弥勒のお兄さんの石動不動(いするぎ ふどう)とみどりさんの長男で、一人っ子。

もともとお兄さんの不動は、学生の頃から親の決めた婚約者がいて、大学を出てすぐ結婚したのだが、長女を妊娠中から険悪になり、実家に里帰りして出産した奥さんは、二度と戻ってこなかったそうだ。

離婚して一年後にお見合い結婚した今の奥さんのみどりは、前の奥さんが神経質で依存的な性格だったのに比べて、一本気質の前向きな男勝りな自立した人だ。
明るく美人で活発で、すぐにできた櫂を妊娠中も、全然じっとしていなかったが、出産後は待ちかねていたように働き始めた。
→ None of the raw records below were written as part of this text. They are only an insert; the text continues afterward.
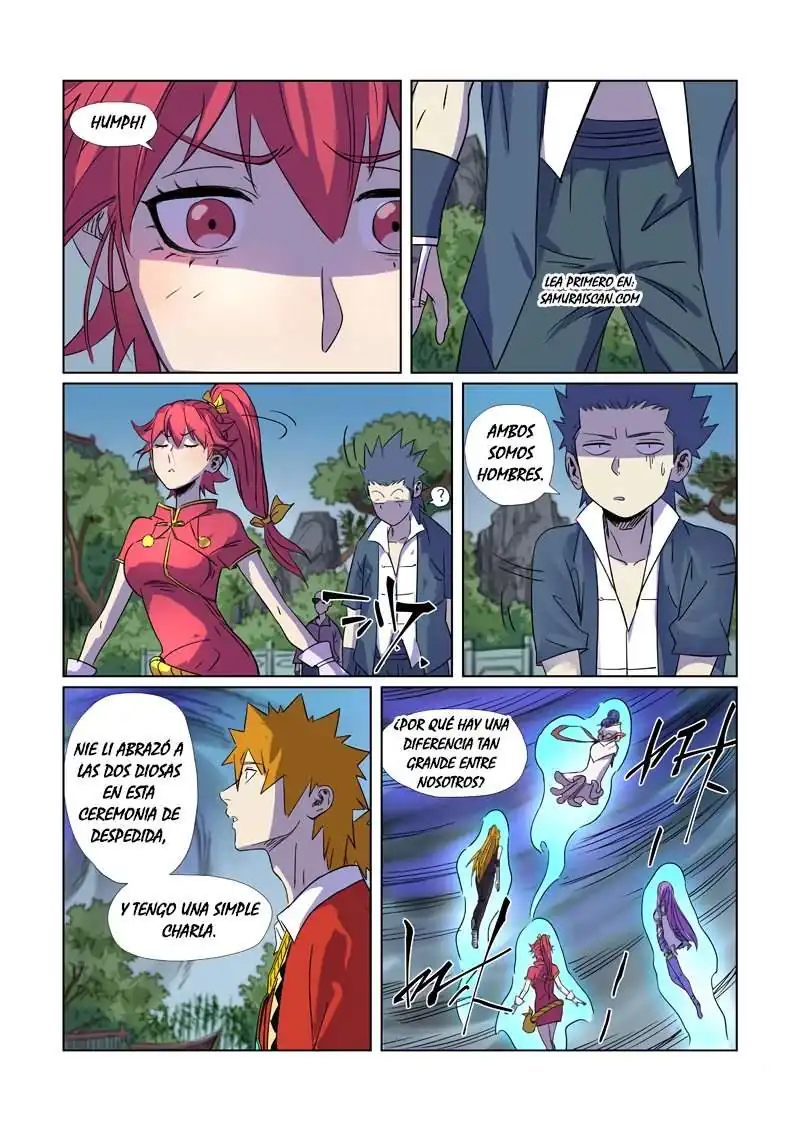Página 9 — Tales of Demons and Gods Capítulo 296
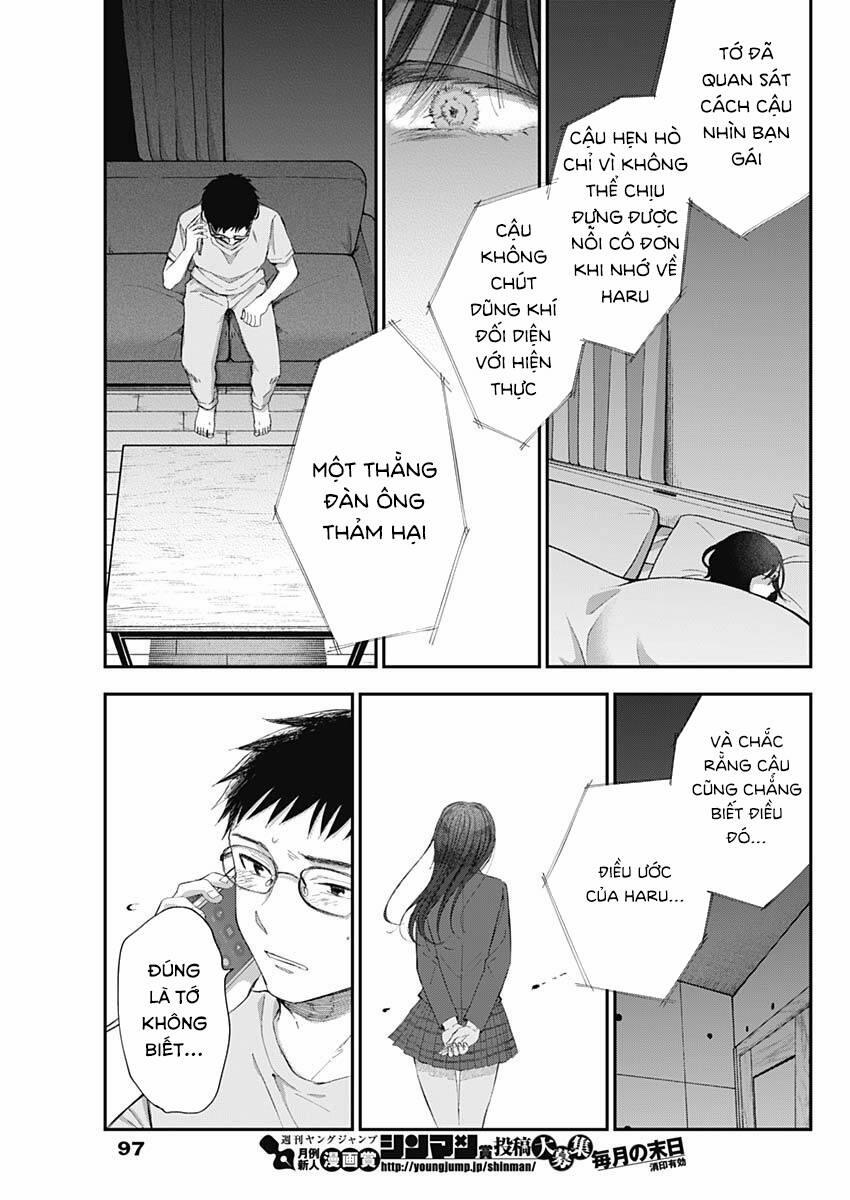 Seinen Shoyo Yo, Haru Wo Musabore 5 trang 6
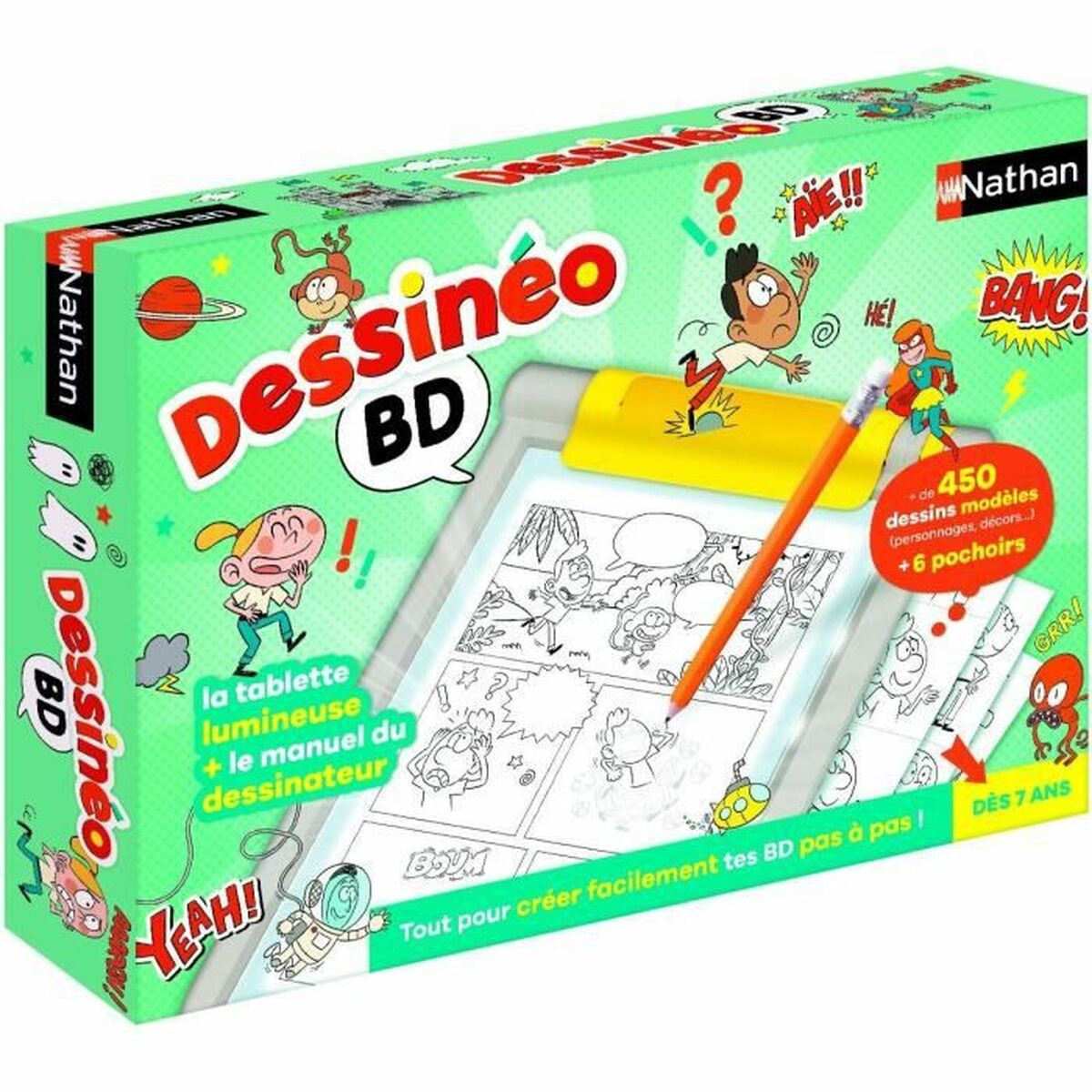 Educational Game Nathan Dessineo BD Educational Game Nathan Dessineo BD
もともと社長令嬢で、彼女の実家は特殊な繊維の特許を持っている裏地の会社だ。みどりしか子供がいないので、ゆくゆくは不動の会社に吸収する、そんな事で決まった結婚だったのに、2年前にみどりの父親が会長職に退く時、どうしても自分が社長になりたいと不動に直訴し、不動は仕方ないな、と了承したそうだ。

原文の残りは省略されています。